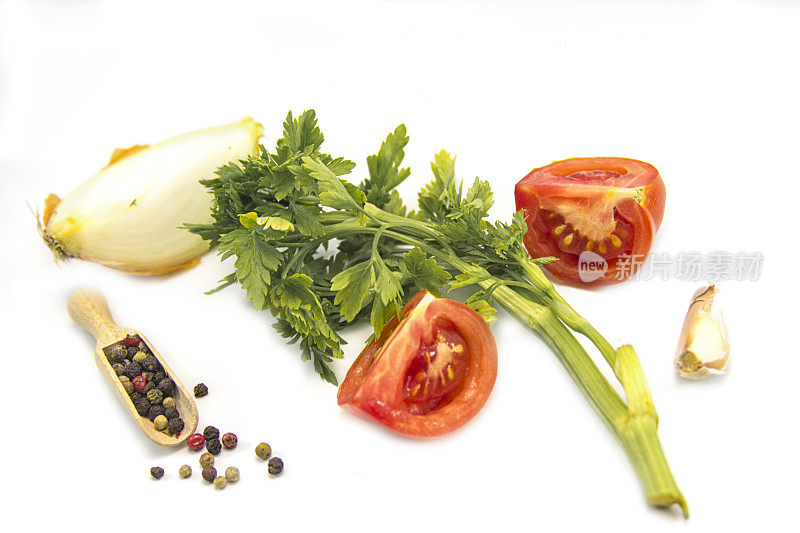 新鲜番茄，洋葱，大蒜和欧芹，白色背景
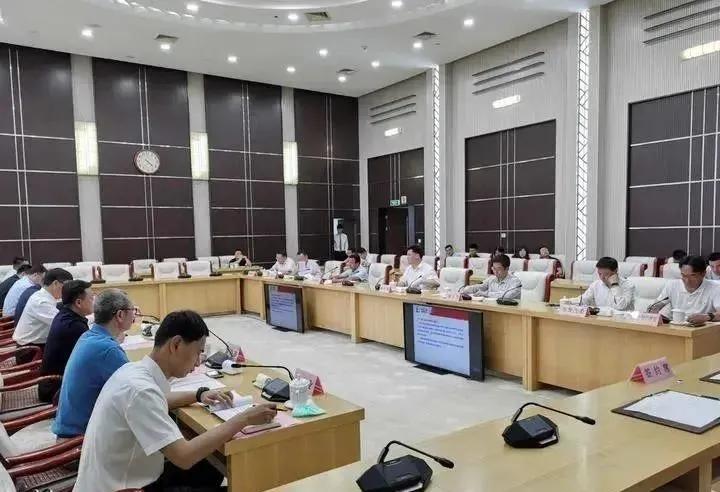 探索新奥204，解锁未来能源的钥匙—正版资料大全导读新奥2024正版资料大全∴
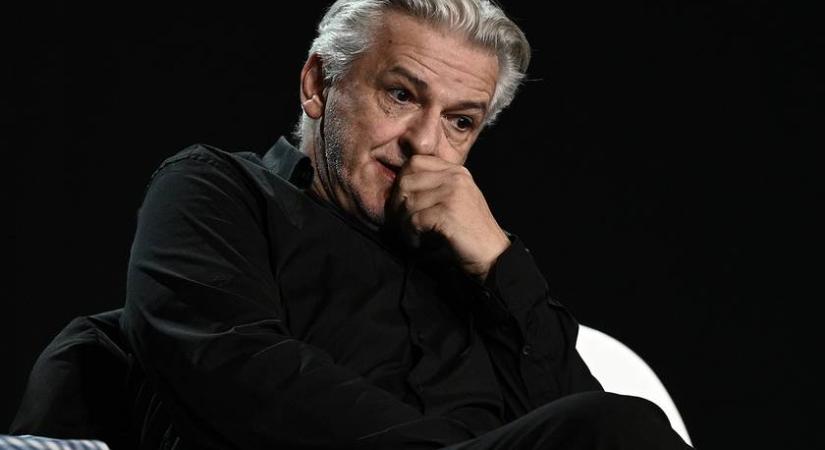 Az ízléstelenség nem a társadalom bűne, hanem a hatalomé, ami lezüllesztette - Alföldi Róbert újra az Átriumban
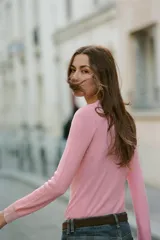 Jersey de punto fino confeccionado con lana, de cuello redondo y manga larga, con puños y cuello en un tono ligeramente más oscuro.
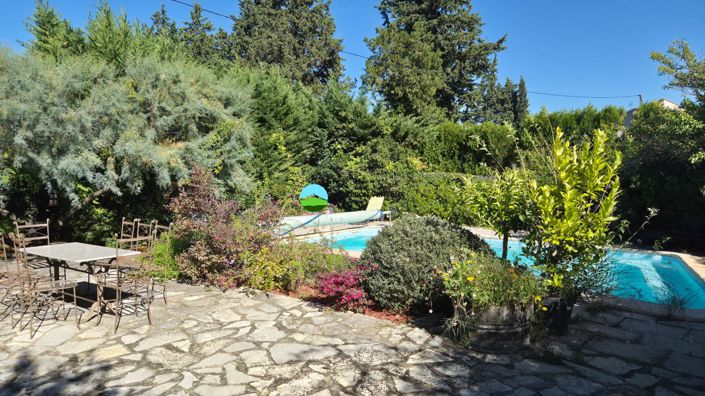 Image No.2-4 Bed House for sale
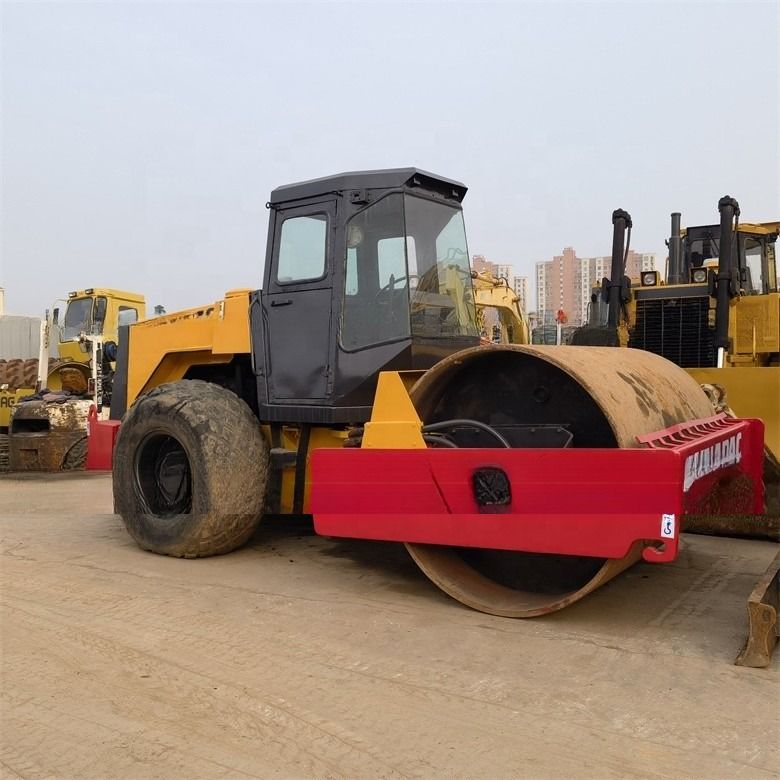 Thời gian làm việc thấp Nhật Bản làm Dynapac CA30D đường cuộn cho công trình xây dựng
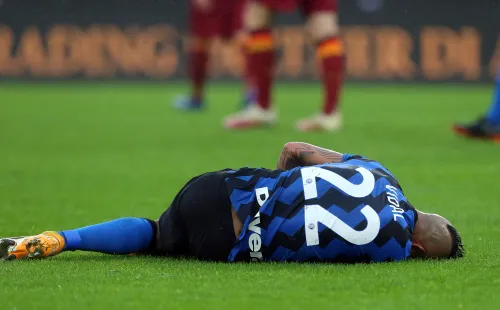 Arturo Vidal tuvo que ser intervenido y será baja en el equipo de Conte. (Foto: Getty)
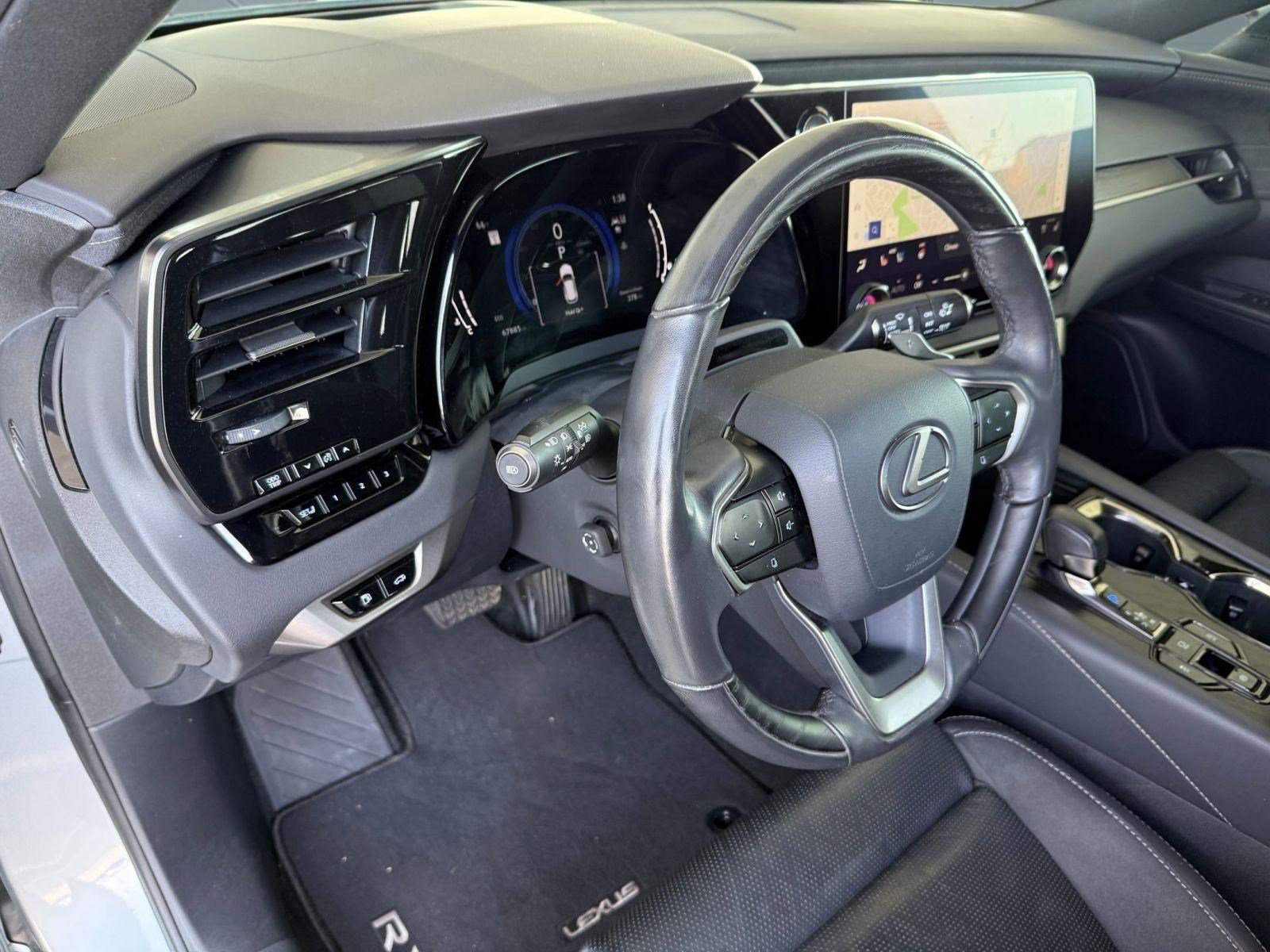 Used 2023 Lexus RX 350 FWD w/ Cold Area Package image 4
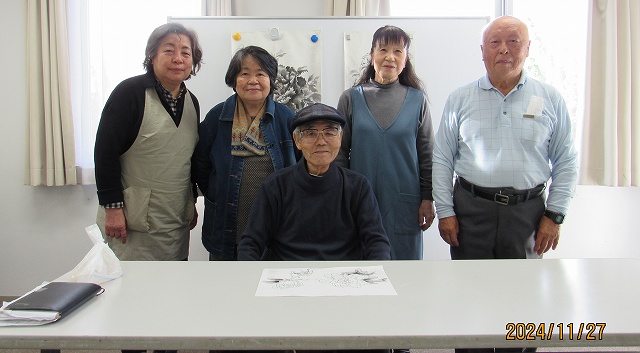 鳶尾墨彰会会員――教室にて先生と共に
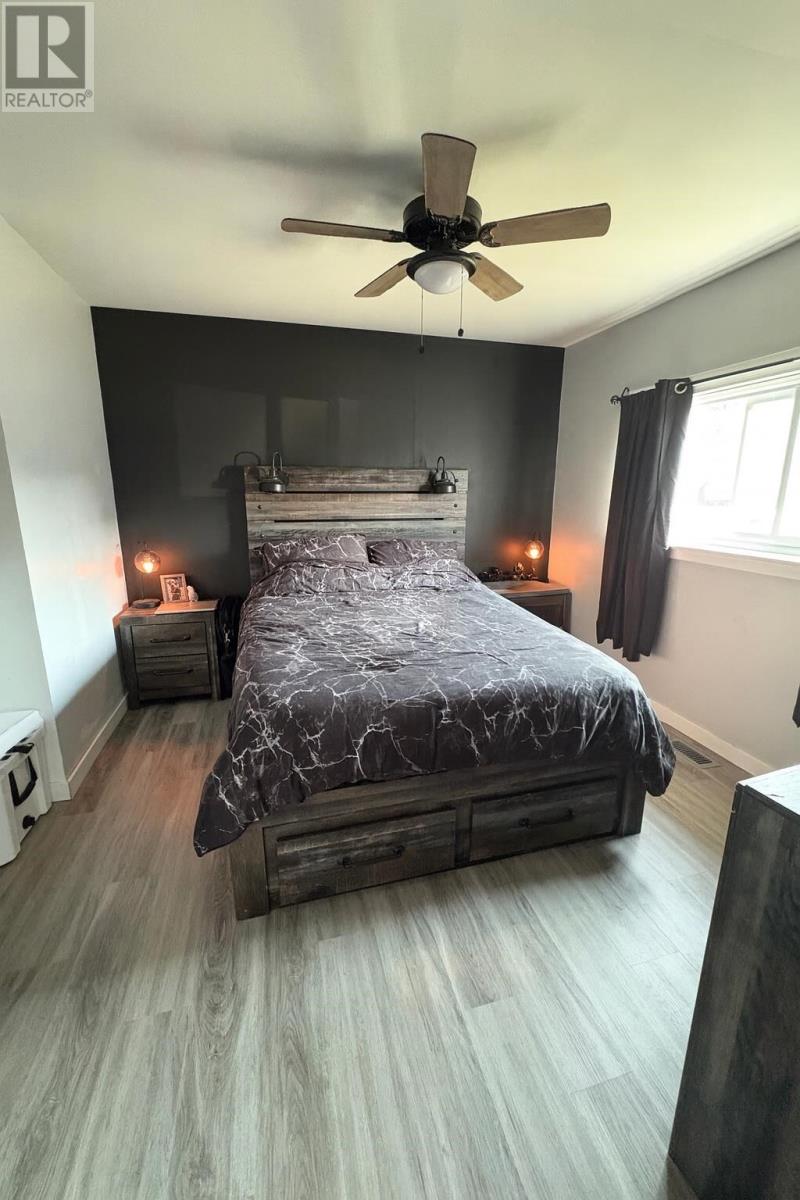 Photo 7 of 229 Glasgow Ave, Sault Ste Marie ON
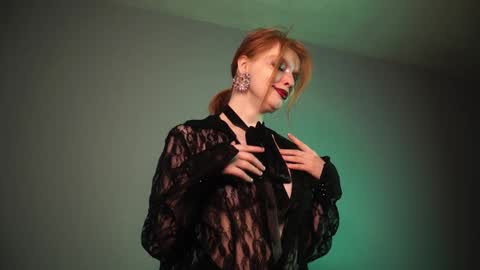 Snapshot of ginger_hugs chatting on January 4, 2025, 10:13 pm im expecting 350 thumbs up on my altar online show from January 4, 2025, 10:13 pm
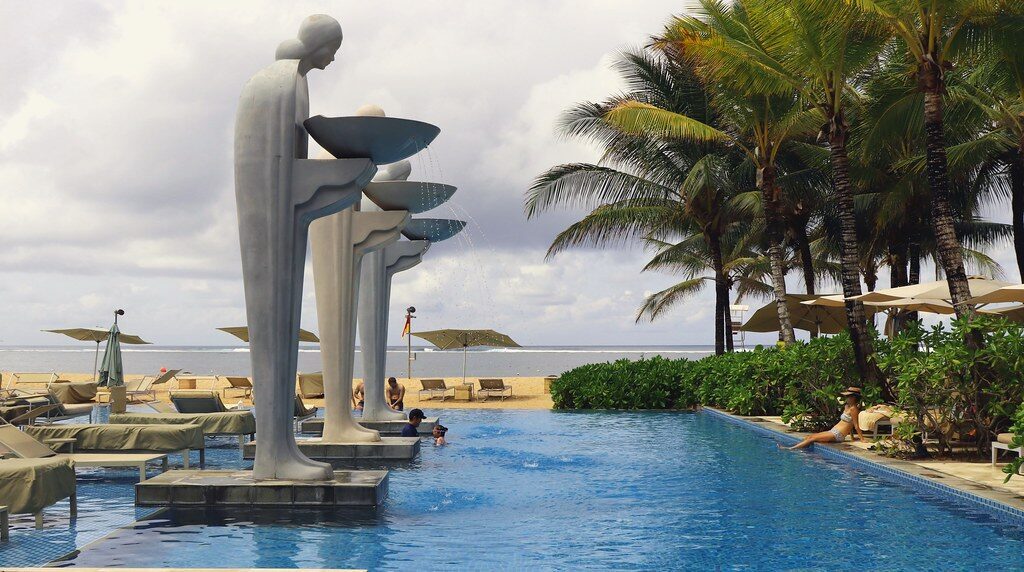 The Mulia's statue-lined infinity pool — the sort of big-brand luxury the strip is built around.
+===+
[Work to be completed]
What you return must be every entry, word for word, without any pictures.

[Response to this exercise]
 新鲜番茄，洋葱，大蒜和欧芹，白色背景
 探索新奥204，解锁未来能源的钥匙—正版资料大全导读新奥2024正版资料大全∴
 Az ízléstelenség nem a társadalom bűne, hanem a hatalomé, ami lezüllesztette - Alföldi Róbert újra az Átriumban
 Jersey de punto fino confeccionado con lana, de cuello redondo y manga larga, con puños y cuello en un tono ligeramente más oscuro.
 Image No.2-4 Bed House for sale
 Thời gian làm việc thấp Nhật Bản làm Dynapac CA30D đường cuộn cho công trình xây dựng
 Arturo Vidal tuvo que ser intervenido y será baja en el equipo de Conte. (Foto: Getty)
 Used 2023 Lexus RX 350 FWD w/ Cold Area Package image 4
 鳶尾墨彰会会員――教室にて先生と共に
 Photo 7 of 229 Glasgow Ave, Sault Ste Marie ON
 Snapshot of ginger_hugs chatting on January 4, 2025, 10:13 pm im expecting 350 thumbs up on my altar online show from January 4, 2025, 10:13 pm
 The Mulia's statue-lined infinity pool — the sort of big-brand luxury the strip is built around.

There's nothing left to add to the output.